After that fella, I painted up two more hand weapon dwarfs and the standard bearer:


























Hopefully by next week I should have near enough broken the back of this unit and then can start on the Miners and Thunderers that also came in the boxed set.

I've also had a delivery from Scibor come this weekend that should help me give a little more character to the army:










To be honest I can't wait to paint these up. I'm thinking some may make good unit fillers.

As always C&C welcome.


----------



## Tawa (Jan 10, 2010)

That's a very nice scheme you've got going. Very clean and even :good:


----------



## dutchy1982 (Apr 28, 2008)

*Dutchy's Various Works (Updated 22/02/14)*

Okay with another week gone, I've managed the sum total of one Dwarf! 

Real life keeps getting in the way dammit!

However that does bring the total Warrior count to five. I would like to get these boys being produced a little quicker but I don't want to ruin the quality. Preferably I would like to improve the painting style on later models as I go along.

The Dwarfs have now had their bases fully completed as well with the Snow Effect from GW being added to the awesome Scibor bases.
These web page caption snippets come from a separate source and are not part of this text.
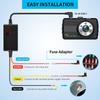 Caricabatteria per auto a tensione regolabile con dash cam time-lapse e display digitale
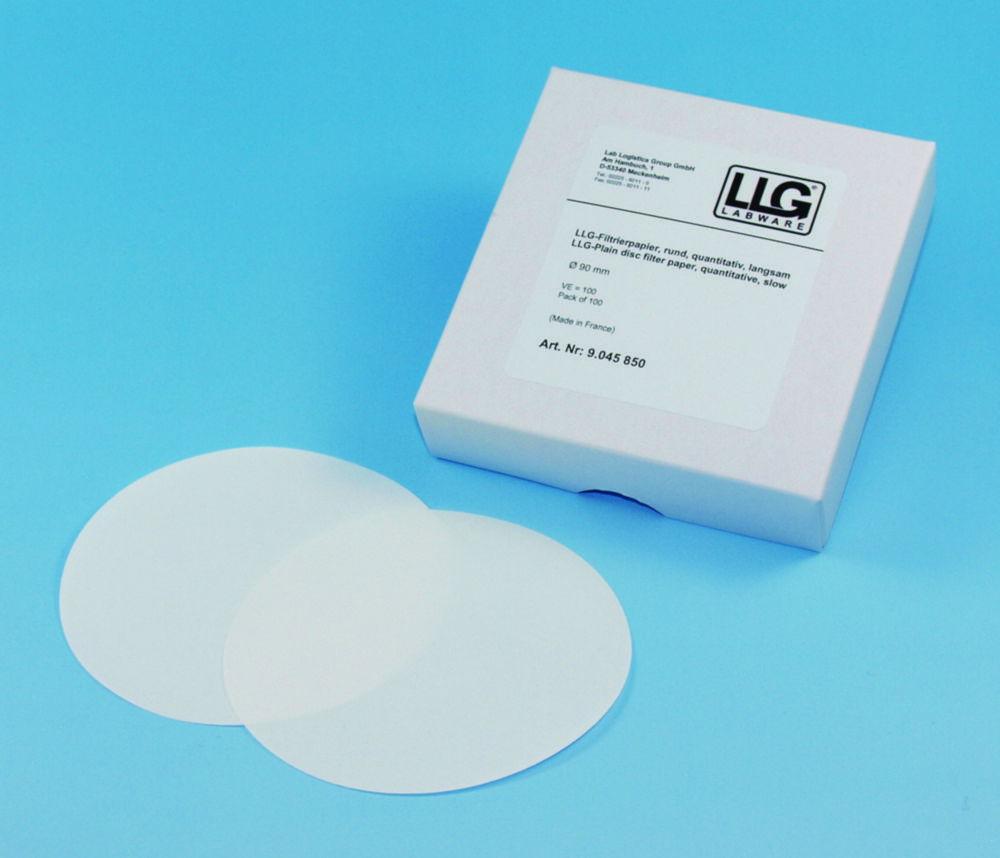 LLG Filter Circles 55mm, Quantitative Medium Fast, Pack of 100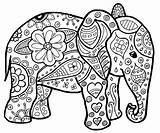 Coloring Mandala Elephant Pages Kids Sheets Colouring Adult Color Book Elefant Printable Zum Ausmalbild Elephants Colorear Animal Ausdrucken Ausmalen Abstract sketch template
I've still not thought of a decent hold name and I'm thinking along the lines of Karak-Kallin? But this needs work, my other army is an O&G army and I regularly play against Skaven and Chaos opponents, so ideally the fluff needs to be set around that. Anyone with a decent idea please let me know, I need all the help I can get.

Between painting these Dwarfs I have been working on the Thane/King, who is still very much WIP.
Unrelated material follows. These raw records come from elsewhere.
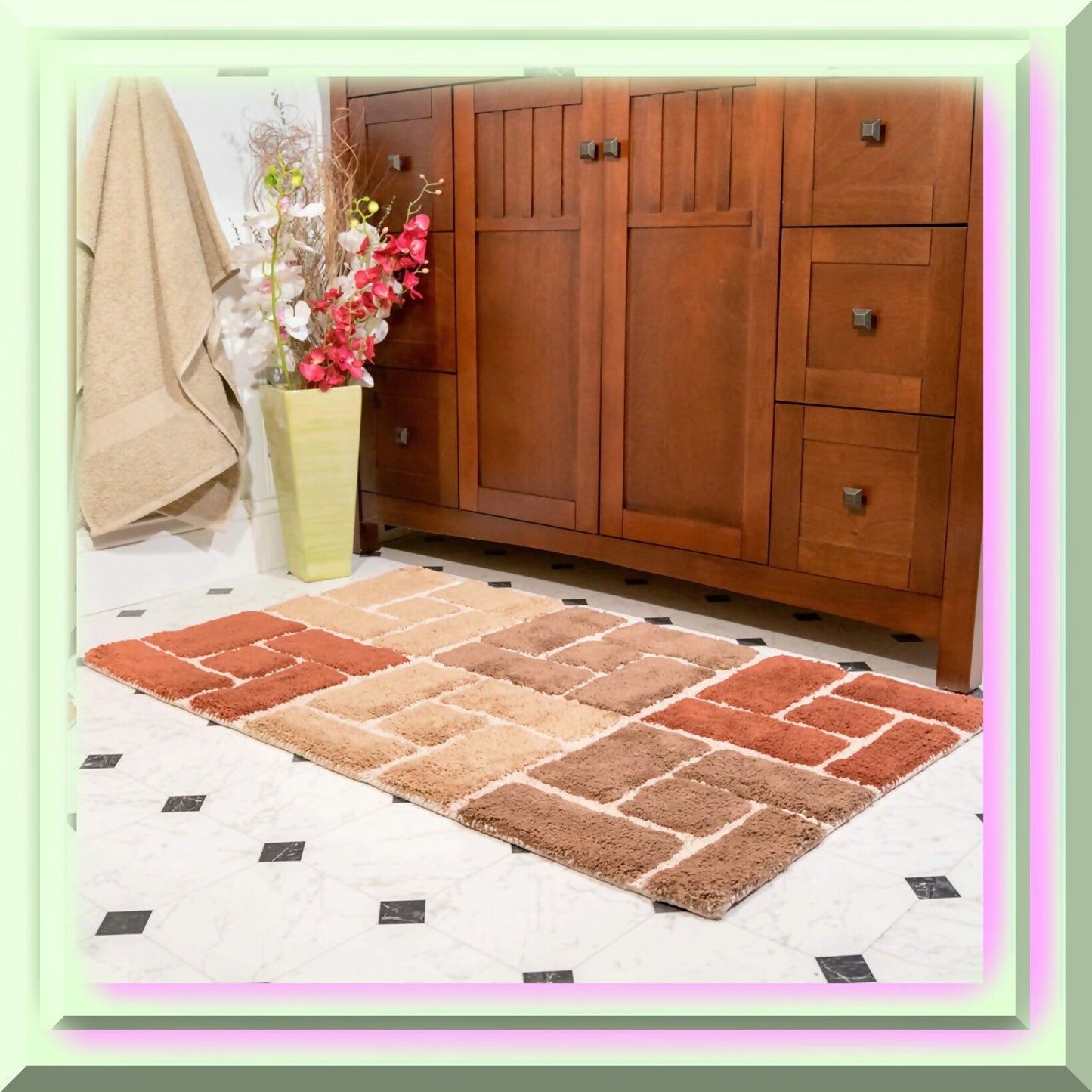 Berkeley 2 Pc Adobe Bath Rug Set 21"x34" & 24"x40"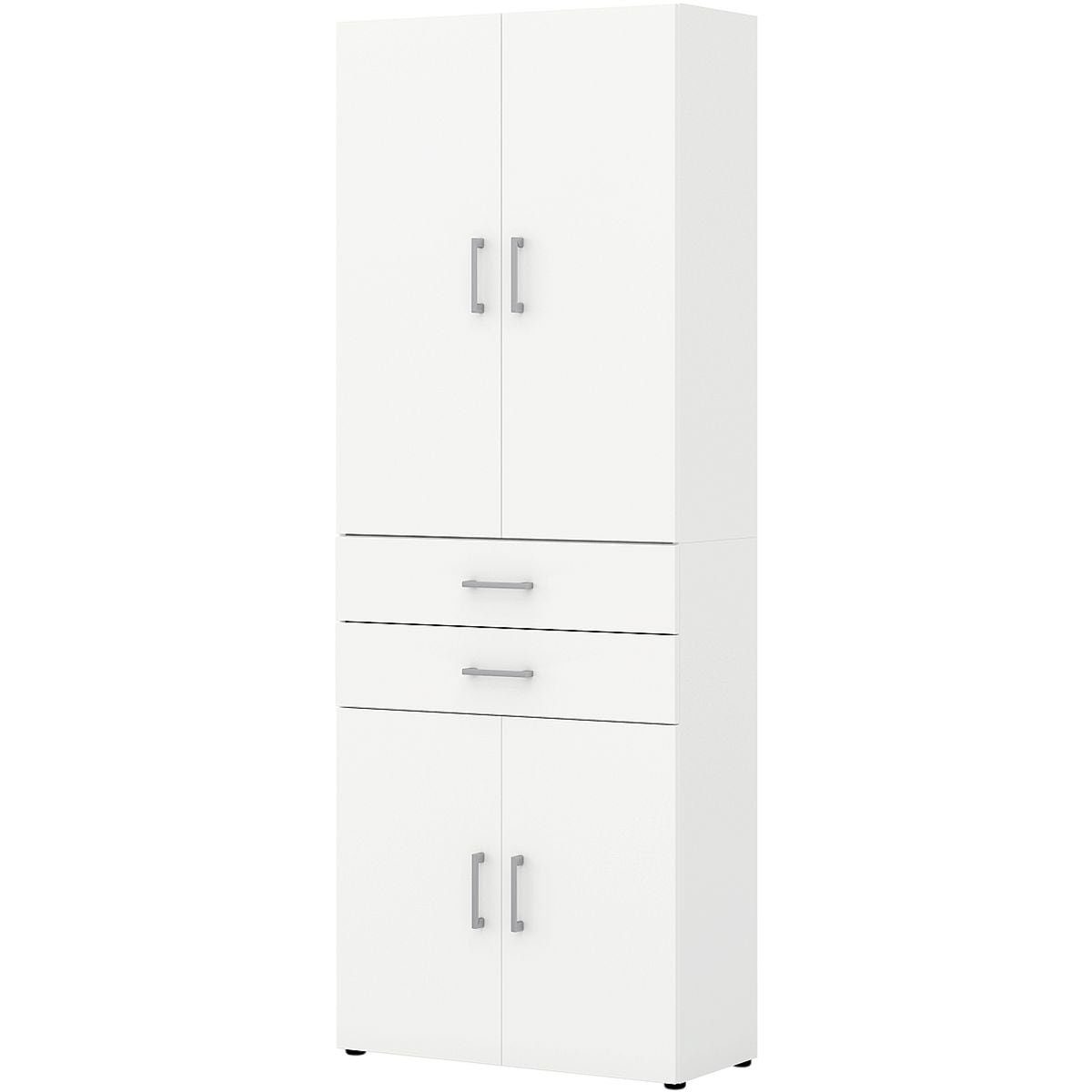 röhr Aktenschrank mit 2 4 Türen weiß 2 Office 80x212,5 und cm Schrank Direct Schubladen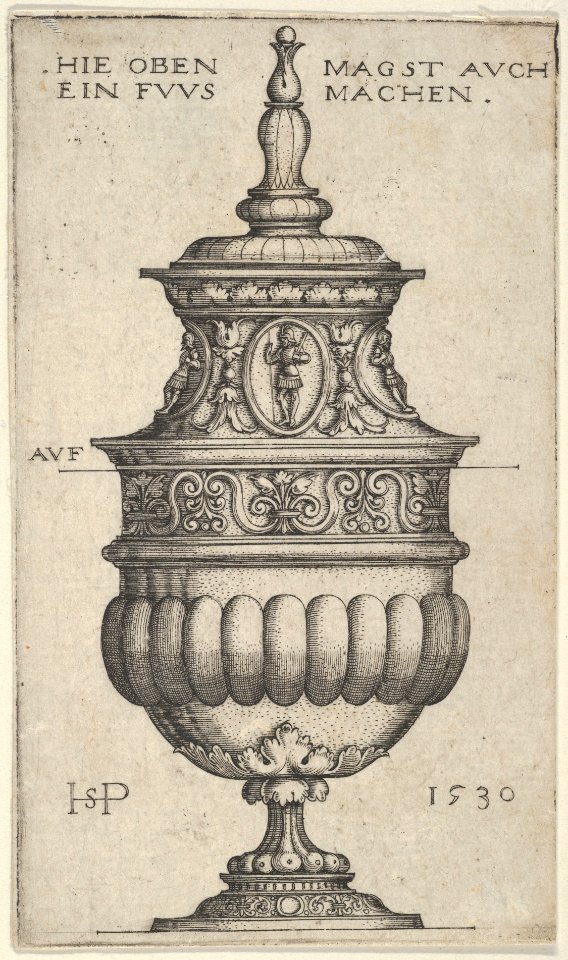Double Goblet with Oval Medallions MET DP837078
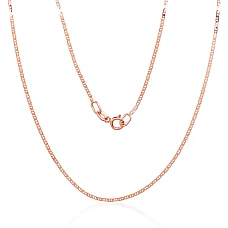 Auksinė grandinėlė Marina 1.1 mm , briaunų apdirbimas deimantu, 55, 1.48 g, Raudonas Auksas 585 praba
I'm thinking this will probably be a leader. Those people with a good knowledge of the GW range will realise this model usually comes with Shield Bearers. Well I've had this model sitting around for some time, it was originally bought for the shield bearers so I could use them in my Night Goblin army to carry the Warboss to battle 

As always C&C welcome.


----------



## Iraqiel (May 21, 2008)

Really liking the colour scheme and the work you've done on your thane! The colours really work with the 'gaulish/celtic' theme that GW has gone for with the dwarves.

Also, WOW that is some nice scenery!


----------



## dutchy1982 (Apr 28, 2008)

*Dutchy's Various Works (Updated 25/02/14)*



Iraqiel said:


> Really liking the colour scheme and the work you've done on your thane! The colours really work with the 'gaulish/celtic' theme that GW has gone for with the dwarves.
> 
> Also, WOW that is some nice scenery!


Thanks very much! It's good that the Scibor scenery fits in with the Celtic theme as well.

I love that scenery so much that I'm not mulling over an army presentation board using them, with drawers for the army book and rule book. If I ever get around to organising myself to go to a tournament.

In the meantime, I have completed four more Warriors and the Thane is finished (I think).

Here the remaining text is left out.